Nor am I going to redesign my analogies to incorporate football references: “It’s like when the Giants went down to the Superdome* in New Orleans . . .” Yup, took about one day after the Saints crushed the Giants for this analogy to work its way into NYC corporate speak.

Although the colleague who’d said this hadn’t actually watched the game, the client was easily persuaded by the analogy between the defeat and our current negotiation posture. No matter how confidently I’d uttered the same words, it wouldn’t have worked. Everyone would rather listen to the clichéd and tired language that men use to describe their sports.
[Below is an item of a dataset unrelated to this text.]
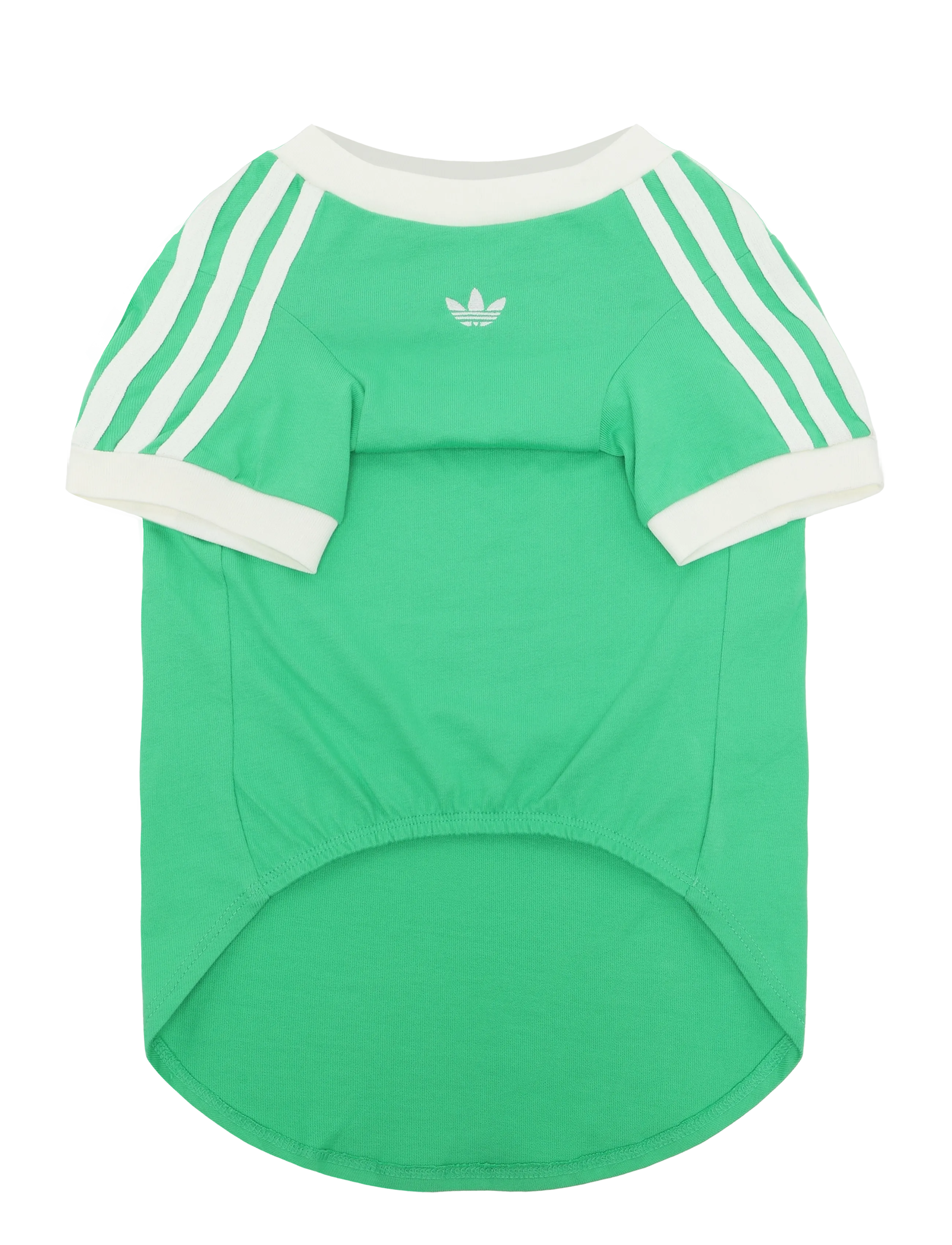 adidas Originals PET CALI TEE - View all - FLALIM/OWHITE / green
I’m not going to try to speak their language. Instead I am going to watch the game my way,* think of it my way and speak about it (or not) my way, even if absolutely no one listens, even you.
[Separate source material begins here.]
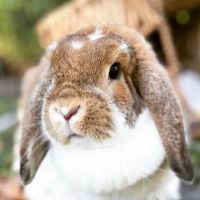 Lawrence Animal Hospital ico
In the absence of any socially acceptable custom for a lady to discuss the game and wish her city’s baseball team luck, today I honored the Yankees by savoring the following for lunch:

—One hot dog frosted with a thick layer of French’s mustard and blanketed in a toasted wonder bread hotdog roll.
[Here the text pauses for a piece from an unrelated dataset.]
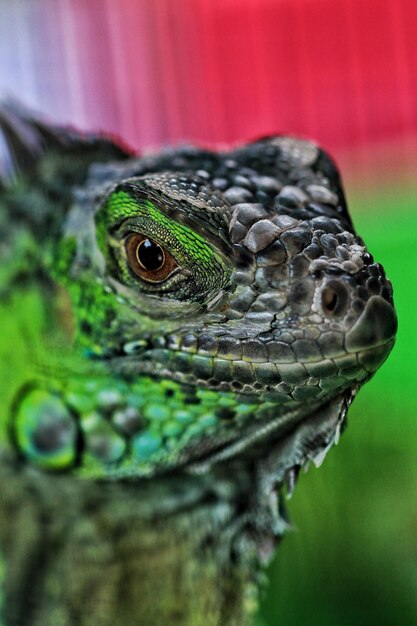 Foto close-up van een groene hagedis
—One Coors Light® which I smuggled into work (not sure why it was in my fridge though—probably a guy left it there while watching a game Chez Penelope)

—Some cracker jacks (Halloween leftovers)

Cost: $1.20


Notes
*The Season is that period of the year during which the social “elite” hold debutante balls, dinner parties and charity events. In NYC, the “kick off” for The Season is considered to be the opening of the Metropolitan Opera in September. Among other fall events is the Central Park Conservancy’s annual Halloween Benefit Ball in October, at which The Editor-in-Chief of the Lunch Report was photographed while attending: http://www.studiofourb.com/Events/HalloweenBall09/10066919_ynMXg#695474601_6bRRm

*I will not hold back, however, from sharing my impressions of Mr. Girardi, whose sculpted face bears a disturbingly close resemblance to a hairless cat (see for yourself: http://bestiarumvocabulum.files.wordpress.com/2009/03/hairless_cat.jpg).

*As the largest fixed dome structure in the world, the New Orleans Superdome has hosted more Super Bowls than any other stadium. *A few years ago I brought some clients to a Yankees game. They were visibly shaken when I whipped out a pair of opera glasses to sneak a closer peek of Jeter. So what, I did get a close look.